Apple hit a major milestone last week, becoming the first US company to achieve a trillion-dollar market cap. Immediately after, you saw skeptics coming out saying this was a sign the stock was overextended. And while Apple’s market value could decline from current levels, it has been employing a number of key Exponential Organizations (ExO) management principles that could propel it to a two or even three trillion-dollar market cap over the long term.
Apple has been underestimated almost from its very inception.

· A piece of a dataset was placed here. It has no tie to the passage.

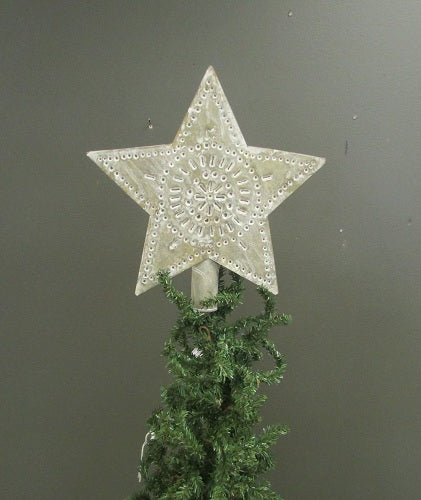 Primitive Christmas Whitewashed Punched Tin 9&quot; Star - The Primitive Pineapple Collection
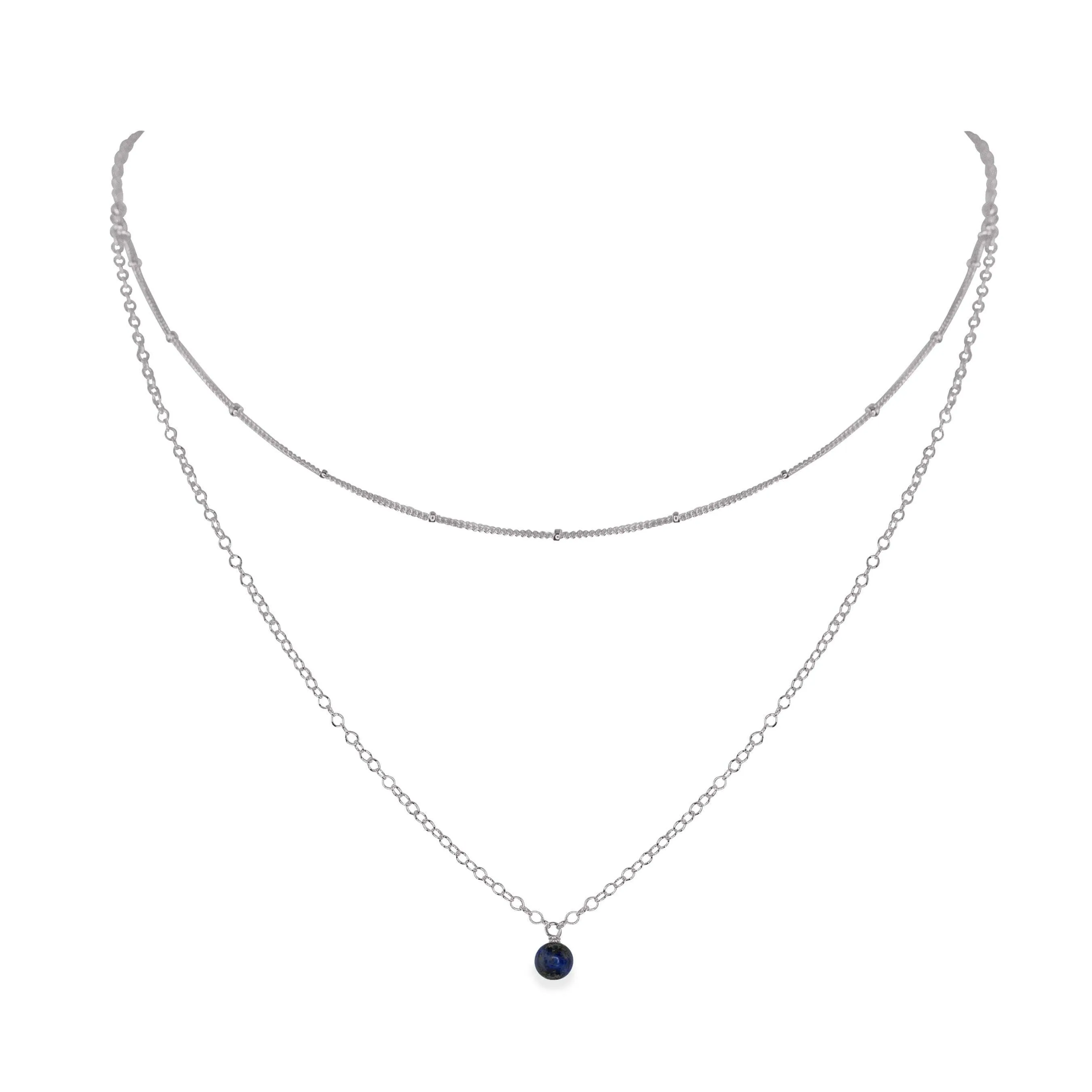 Sapphire Gemstone Chain Layered Choker Necklace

In the words of former Apple exec, Jean-Louis Gassee, “Apple must be a psychotoxic company, attracting and then unhinging the fragile minds of journalists, bloggers, and analysts. The contingent of bloviators sound like a gaggle of eunuchs circling the king’s bed, stomping their feet and bawling in high-pitched voices: ‘You’re doing it wrong!’ Unconcerned, the monarch continues, enlarging the scope of his dominion.

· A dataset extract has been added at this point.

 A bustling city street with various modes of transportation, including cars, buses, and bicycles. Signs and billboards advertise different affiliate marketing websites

Gassee goes on to point out that: “Microsoft’s P/E is a solid 48 and Alphabet’s hovers around 50…but Apple’s is a meager 17. Caricaturing just a bit: “Apple still trades like a steel mill going out of business.” In more sober words, investor actions say Microsoft’s or Alphabet’s future earnings per share are safer than Apple’s, hence the premium they’re willing to pay. With a P/E of 50, Apple’s Market Cap would approach $3T…”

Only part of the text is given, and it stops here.